On Monday, hundreds of OpenAI employees threatened to leave the leading artificial intelligence company and join Microsoft.
They would be following in the footsteps of OpenAI co-founder Sam Altman, who announced the formation of an AI subsidiary at Microsoft following his surprise dismissal from the business whose ChatGPT chatbot has led the rapid rise of artificial intelligence technology.
Some of OpenAI’s most senior employees threatened to leave the company in a letter if the board was not replaced.
“Your actions have made it obvious that you are incapable of overseeing OpenAI,” said the letter, which was first released to Wired.
Ilya Sutskever, the company’s chief scientist and a member of the four-person board that voted to remove Altman, was among the signers.
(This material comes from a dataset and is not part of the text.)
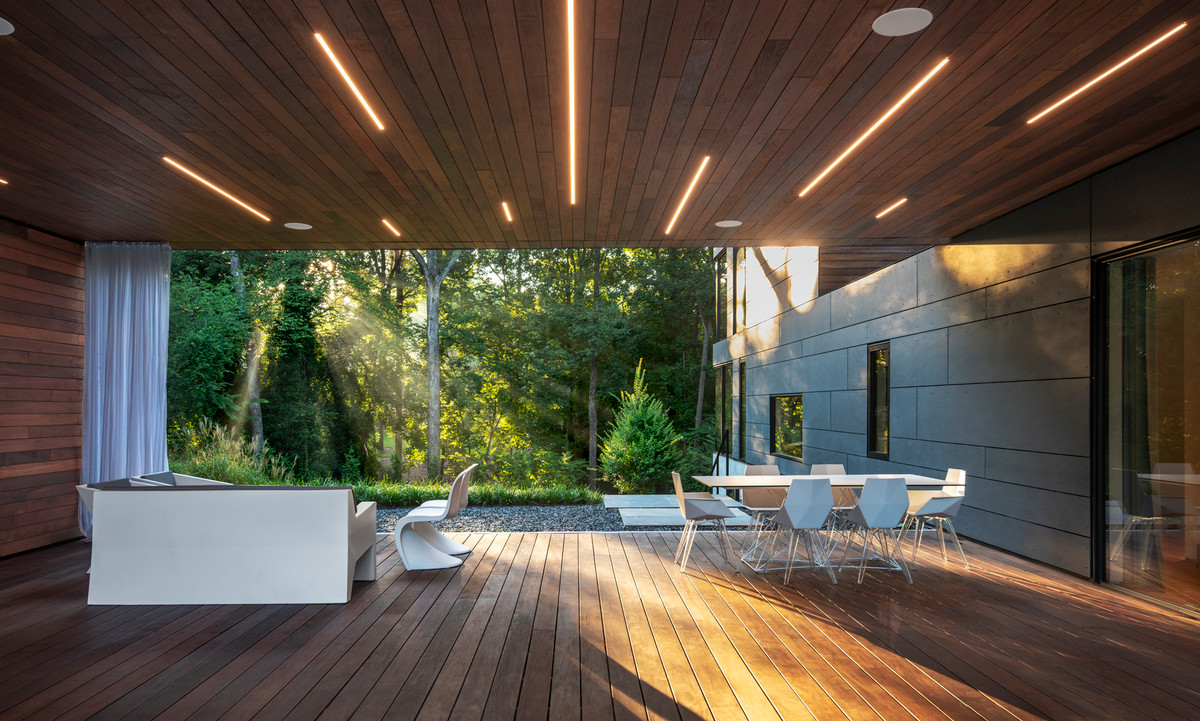  Căn nhà được thắp sáng bởi ánh nắng tự nhiên nhằm tối đa hóa tầm nhìn ra khu rừng thanh bình phía sau.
It also included top executive Mira Murati, who was selected to replace Altman as CEO after his dismissal on Friday but was demoted over the weekend.
“Microsoft has assured us that there are positions for all OpenAI employees at this new subsidiary should we choose to join,” the letter said.
Reports said as many as 500 of OpenAI’s 770 employees signed the letter.
Despite pressure from Microsoft and other key investors, OpenAI has hired Emmett Shear, a former CEO of Amazon’s streaming site Twitch, as its new CEO.
Altman was fired by the startup’s board on Friday, citing fears that he was minimizing the dangers of its technology and steering the firm away from its declared objective – charges his successor has refuted.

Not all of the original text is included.